Thus are drafted a whole class of "handmaids," whose function is to bear the children of the elite, to be fecund or else (else being certain death, sent out to be toxic-waste removers on outlying islands). The narrative frame for Atwood's dystopian vision is the hopeless private testimony of one of these surrogate mothers, Offred ("of" plus the name of her male protector). Lying cradled by the body of the barren wife, being meanwhile serviced by the husband, Offred's "ceremony" must be successful—if she does not want to join the ranks of the other disappeared (which include her mother, her husband—dead—and small daughter, all taken away during the years of revolt). One Of her only human conduits is a gradually developing affair with her master's chauffeur—something that's balanced more than offset, though, by the master's hypocritically un-Puritan use of her as a kind of B-girl at private parties held by the ruling men in a spirit of nostalgia and lust. This latter relationship, edging into real need (the master's), is very effectively done; it highlights the handmaid's (read Everywoman's) eternal exploitation, profane or sacred ("We are two-legged wombs, that's all: sacred vessels, ambulatory chalices").

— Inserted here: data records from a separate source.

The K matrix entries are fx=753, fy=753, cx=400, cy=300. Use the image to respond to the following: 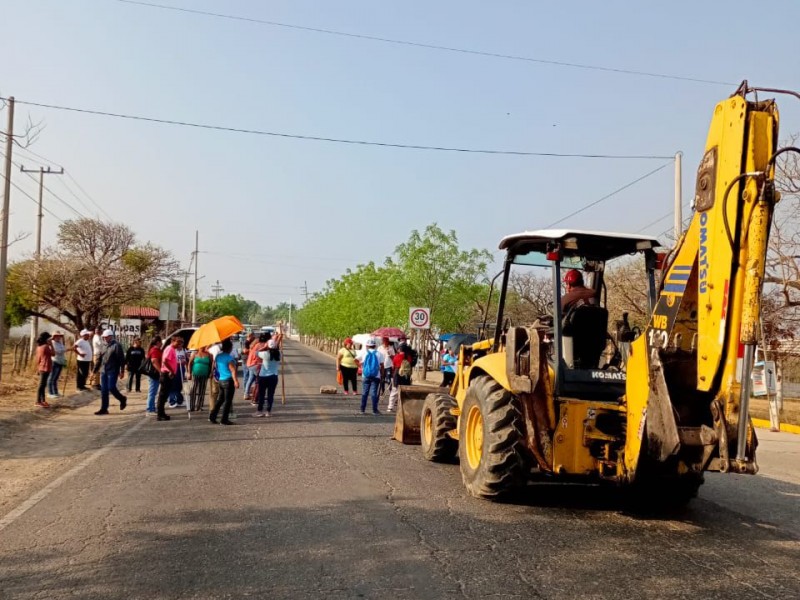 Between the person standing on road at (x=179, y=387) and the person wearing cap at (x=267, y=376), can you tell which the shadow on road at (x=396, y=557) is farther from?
the person standing on road at (x=179, y=387)

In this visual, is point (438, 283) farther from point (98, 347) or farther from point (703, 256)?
point (703, 256)

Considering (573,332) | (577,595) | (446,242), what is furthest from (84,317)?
(577,595)

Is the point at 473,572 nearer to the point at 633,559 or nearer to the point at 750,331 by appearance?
the point at 633,559

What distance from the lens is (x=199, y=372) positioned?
15.8 meters

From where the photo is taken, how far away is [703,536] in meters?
6.36

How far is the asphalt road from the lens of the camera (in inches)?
194

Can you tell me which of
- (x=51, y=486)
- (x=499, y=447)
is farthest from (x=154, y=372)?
(x=499, y=447)

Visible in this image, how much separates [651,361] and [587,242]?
1.90 m

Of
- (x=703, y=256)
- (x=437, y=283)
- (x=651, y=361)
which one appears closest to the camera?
(x=703, y=256)

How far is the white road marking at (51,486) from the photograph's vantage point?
6.80 metres

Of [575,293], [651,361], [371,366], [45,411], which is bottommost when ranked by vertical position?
[45,411]

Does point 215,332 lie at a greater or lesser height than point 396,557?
greater

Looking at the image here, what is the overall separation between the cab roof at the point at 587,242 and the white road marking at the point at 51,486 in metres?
5.55

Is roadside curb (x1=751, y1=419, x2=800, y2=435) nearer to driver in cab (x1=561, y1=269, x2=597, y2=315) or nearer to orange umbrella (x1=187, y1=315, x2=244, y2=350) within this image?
driver in cab (x1=561, y1=269, x2=597, y2=315) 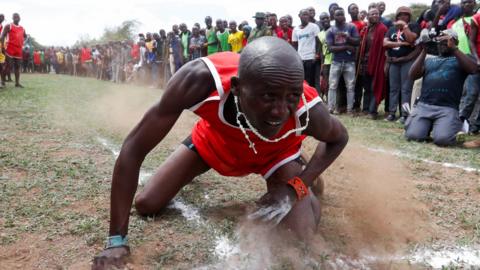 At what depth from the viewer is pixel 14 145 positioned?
4.80m

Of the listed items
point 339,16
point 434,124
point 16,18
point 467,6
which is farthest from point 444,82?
point 16,18

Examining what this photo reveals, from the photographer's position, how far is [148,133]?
2.27 metres

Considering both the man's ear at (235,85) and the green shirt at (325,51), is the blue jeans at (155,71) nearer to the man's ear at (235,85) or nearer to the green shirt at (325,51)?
the green shirt at (325,51)

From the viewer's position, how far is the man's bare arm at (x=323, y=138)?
2.55 metres

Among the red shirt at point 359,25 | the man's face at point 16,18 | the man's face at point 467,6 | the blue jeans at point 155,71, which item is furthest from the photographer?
the blue jeans at point 155,71

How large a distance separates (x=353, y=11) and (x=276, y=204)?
6.66 m

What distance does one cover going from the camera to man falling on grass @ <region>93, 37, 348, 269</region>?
6.81 ft

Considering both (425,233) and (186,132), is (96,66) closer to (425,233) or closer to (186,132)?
(186,132)

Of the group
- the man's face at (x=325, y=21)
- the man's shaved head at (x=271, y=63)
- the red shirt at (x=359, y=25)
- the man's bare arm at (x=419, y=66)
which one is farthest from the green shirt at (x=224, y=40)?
the man's shaved head at (x=271, y=63)

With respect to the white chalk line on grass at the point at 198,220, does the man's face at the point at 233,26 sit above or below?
above

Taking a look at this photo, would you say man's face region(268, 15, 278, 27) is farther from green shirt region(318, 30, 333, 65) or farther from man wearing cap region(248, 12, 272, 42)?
green shirt region(318, 30, 333, 65)

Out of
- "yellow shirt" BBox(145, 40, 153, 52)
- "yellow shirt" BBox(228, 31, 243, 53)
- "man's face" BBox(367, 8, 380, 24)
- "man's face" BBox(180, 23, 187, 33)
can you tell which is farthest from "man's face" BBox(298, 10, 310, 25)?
"yellow shirt" BBox(145, 40, 153, 52)

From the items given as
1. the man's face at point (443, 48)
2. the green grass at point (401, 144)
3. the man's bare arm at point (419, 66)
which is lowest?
the green grass at point (401, 144)

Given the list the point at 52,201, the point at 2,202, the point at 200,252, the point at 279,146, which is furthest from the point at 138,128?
the point at 2,202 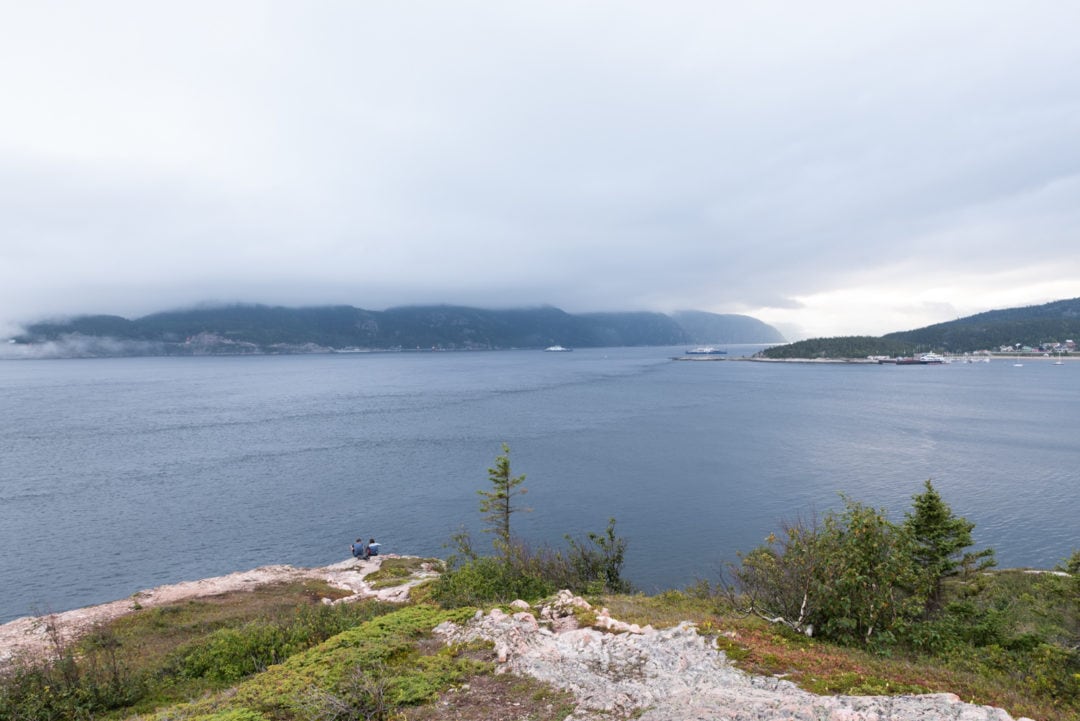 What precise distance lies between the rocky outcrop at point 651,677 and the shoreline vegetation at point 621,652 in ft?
0.26

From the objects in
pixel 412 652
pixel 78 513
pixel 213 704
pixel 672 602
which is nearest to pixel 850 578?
pixel 672 602

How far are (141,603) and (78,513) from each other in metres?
33.5

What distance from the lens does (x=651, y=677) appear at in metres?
13.5

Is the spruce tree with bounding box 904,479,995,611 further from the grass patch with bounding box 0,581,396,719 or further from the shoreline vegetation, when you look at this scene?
the grass patch with bounding box 0,581,396,719

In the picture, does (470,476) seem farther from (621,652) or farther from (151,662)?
(621,652)

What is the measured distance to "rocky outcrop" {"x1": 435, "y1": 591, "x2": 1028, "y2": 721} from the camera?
1071cm

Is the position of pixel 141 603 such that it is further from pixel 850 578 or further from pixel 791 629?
pixel 850 578

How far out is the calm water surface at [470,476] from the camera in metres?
44.7

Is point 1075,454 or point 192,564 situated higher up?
point 1075,454

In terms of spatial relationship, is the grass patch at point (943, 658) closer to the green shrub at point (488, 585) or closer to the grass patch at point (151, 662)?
the green shrub at point (488, 585)

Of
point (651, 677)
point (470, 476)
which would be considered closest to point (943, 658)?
point (651, 677)

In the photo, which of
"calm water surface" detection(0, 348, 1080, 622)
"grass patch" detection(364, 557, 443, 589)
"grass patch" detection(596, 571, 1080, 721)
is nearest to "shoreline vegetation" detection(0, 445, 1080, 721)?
"grass patch" detection(596, 571, 1080, 721)

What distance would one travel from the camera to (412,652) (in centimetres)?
1587

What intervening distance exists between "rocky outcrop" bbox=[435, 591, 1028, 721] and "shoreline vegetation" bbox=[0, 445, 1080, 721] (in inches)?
3.2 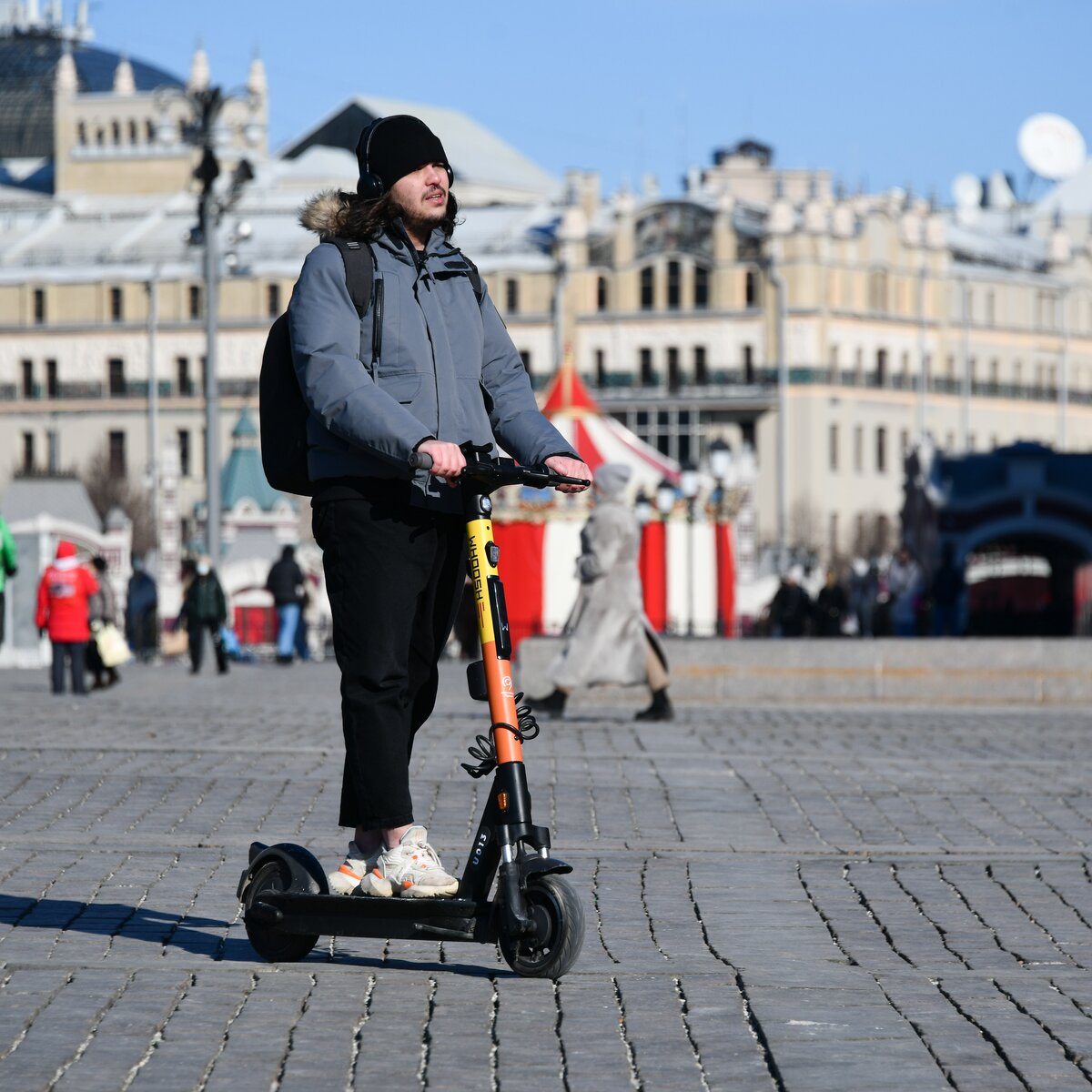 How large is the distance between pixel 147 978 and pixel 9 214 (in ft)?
375

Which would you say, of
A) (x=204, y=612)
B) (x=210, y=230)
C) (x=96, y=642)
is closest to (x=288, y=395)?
(x=96, y=642)

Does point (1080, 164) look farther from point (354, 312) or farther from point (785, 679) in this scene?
point (354, 312)

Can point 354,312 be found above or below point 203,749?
above

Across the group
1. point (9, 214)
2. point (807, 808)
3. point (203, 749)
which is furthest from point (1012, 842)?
point (9, 214)

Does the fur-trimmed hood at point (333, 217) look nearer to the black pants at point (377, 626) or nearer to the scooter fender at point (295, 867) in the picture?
the black pants at point (377, 626)

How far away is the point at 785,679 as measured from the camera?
23.1 metres

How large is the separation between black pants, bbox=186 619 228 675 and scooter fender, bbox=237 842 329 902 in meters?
24.6

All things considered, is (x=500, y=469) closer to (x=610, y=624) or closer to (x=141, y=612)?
(x=610, y=624)

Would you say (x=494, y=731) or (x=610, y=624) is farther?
(x=610, y=624)

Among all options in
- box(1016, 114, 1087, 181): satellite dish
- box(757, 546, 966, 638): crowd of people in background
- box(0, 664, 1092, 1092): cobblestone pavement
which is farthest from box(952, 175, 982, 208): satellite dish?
box(0, 664, 1092, 1092): cobblestone pavement

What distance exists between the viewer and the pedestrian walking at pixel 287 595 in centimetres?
3872

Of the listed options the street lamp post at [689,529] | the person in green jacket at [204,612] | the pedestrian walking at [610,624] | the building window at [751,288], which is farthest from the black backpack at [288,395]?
the building window at [751,288]

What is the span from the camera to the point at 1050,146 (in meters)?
129

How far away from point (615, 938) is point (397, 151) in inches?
81.9
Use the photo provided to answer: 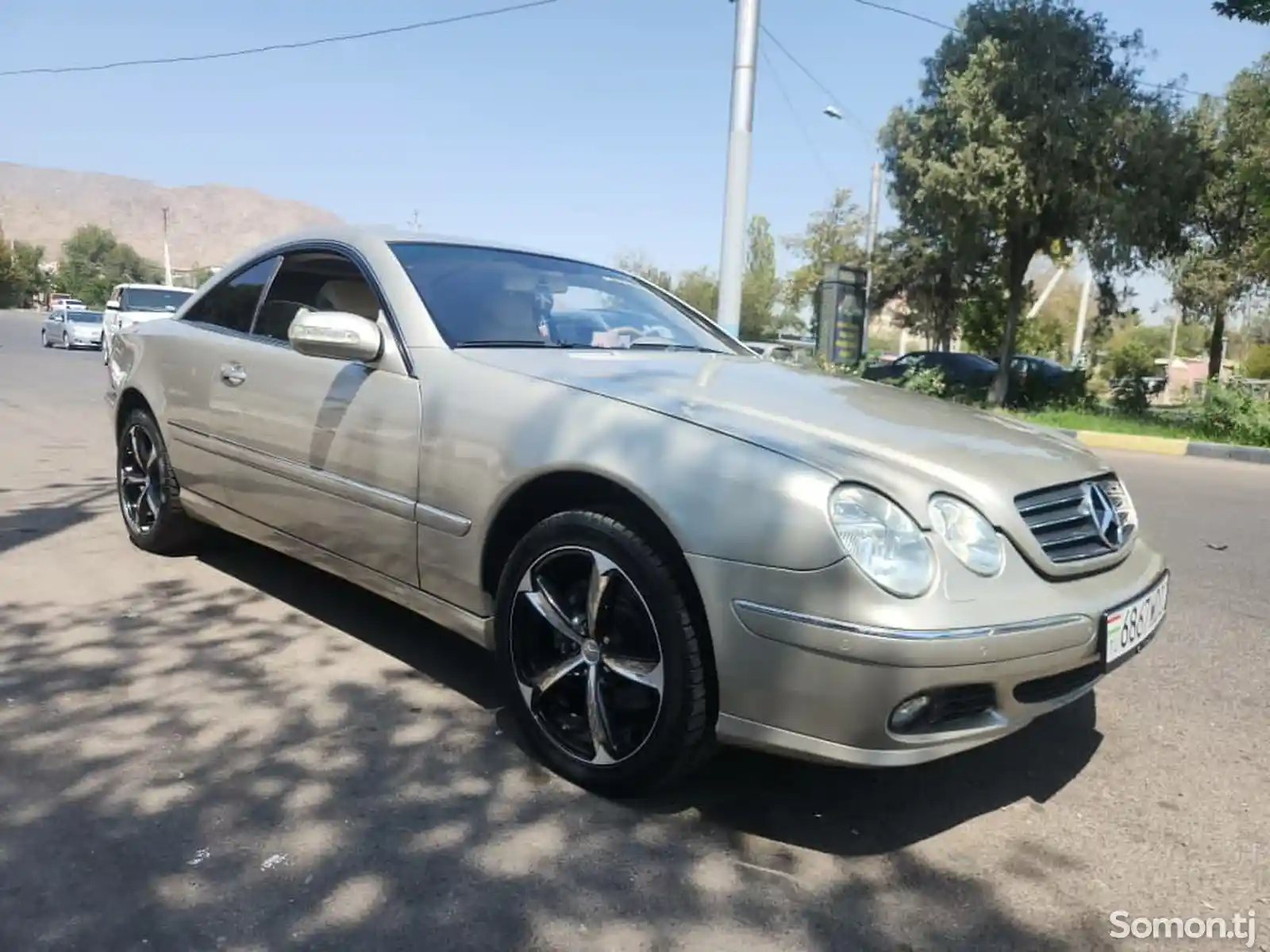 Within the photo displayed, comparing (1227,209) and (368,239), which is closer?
(368,239)

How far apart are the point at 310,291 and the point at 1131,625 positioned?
2958 mm

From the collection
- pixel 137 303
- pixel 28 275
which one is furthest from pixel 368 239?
pixel 28 275

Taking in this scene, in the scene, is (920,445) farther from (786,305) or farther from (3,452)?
(786,305)

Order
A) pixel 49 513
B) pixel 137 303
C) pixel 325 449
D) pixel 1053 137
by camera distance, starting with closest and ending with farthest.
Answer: pixel 325 449
pixel 49 513
pixel 1053 137
pixel 137 303

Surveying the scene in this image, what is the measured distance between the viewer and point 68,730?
110 inches

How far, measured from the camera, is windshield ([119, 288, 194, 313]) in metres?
18.9

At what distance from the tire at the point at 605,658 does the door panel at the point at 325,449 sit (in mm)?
496

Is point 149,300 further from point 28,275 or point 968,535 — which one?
point 28,275

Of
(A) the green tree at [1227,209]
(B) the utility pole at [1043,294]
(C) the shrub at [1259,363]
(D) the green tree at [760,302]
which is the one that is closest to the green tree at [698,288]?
(D) the green tree at [760,302]

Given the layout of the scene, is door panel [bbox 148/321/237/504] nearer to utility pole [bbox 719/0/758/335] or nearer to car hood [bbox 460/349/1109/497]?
car hood [bbox 460/349/1109/497]

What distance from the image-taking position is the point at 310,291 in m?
3.78

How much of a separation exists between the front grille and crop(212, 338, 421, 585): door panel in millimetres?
1678

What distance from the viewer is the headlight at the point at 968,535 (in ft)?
7.27

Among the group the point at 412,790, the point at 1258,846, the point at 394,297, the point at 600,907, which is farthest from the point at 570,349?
the point at 1258,846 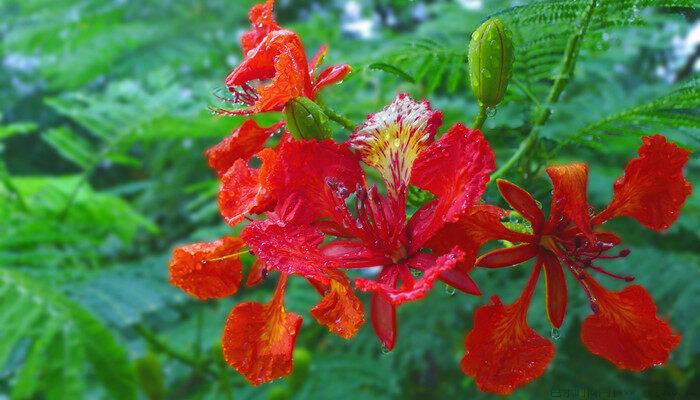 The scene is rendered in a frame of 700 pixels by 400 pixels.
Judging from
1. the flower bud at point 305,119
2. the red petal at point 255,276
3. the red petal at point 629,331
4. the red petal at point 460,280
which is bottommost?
the red petal at point 629,331

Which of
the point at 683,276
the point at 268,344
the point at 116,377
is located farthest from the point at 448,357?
the point at 268,344

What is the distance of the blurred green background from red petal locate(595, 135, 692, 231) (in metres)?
0.13

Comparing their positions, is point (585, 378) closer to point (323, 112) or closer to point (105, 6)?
point (323, 112)

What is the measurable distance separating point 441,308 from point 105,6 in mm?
2408

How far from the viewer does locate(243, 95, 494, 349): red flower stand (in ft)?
3.21

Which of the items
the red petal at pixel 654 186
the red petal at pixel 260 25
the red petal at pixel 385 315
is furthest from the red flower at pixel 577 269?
the red petal at pixel 260 25

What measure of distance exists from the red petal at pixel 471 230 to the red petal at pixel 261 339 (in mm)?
250

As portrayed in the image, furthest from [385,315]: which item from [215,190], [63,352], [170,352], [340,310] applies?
[215,190]

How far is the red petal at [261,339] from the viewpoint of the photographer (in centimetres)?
106

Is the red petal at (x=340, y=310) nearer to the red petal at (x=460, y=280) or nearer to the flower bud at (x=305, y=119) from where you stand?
the red petal at (x=460, y=280)

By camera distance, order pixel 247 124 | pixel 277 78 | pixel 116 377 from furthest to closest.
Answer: pixel 116 377 → pixel 247 124 → pixel 277 78

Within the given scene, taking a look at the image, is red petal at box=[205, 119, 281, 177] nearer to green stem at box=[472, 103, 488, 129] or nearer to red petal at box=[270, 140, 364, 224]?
red petal at box=[270, 140, 364, 224]

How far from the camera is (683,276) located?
83.7 inches

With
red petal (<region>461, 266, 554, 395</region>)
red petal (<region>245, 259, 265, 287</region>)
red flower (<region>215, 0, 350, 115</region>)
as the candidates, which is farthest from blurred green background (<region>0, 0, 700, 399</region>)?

Atwood, to her credit, creates a chillingly specific, imaginable night-mare. The book is short on characterization—this is Atwood, never a warm writer, at her steeliest—and long on cynicism—it's got none of the human credibility of a work such as Walker Percy's Love In The Ruins. But the scariness is visceral, a world that's like a dangerous and even fatal grid, an electrified fence.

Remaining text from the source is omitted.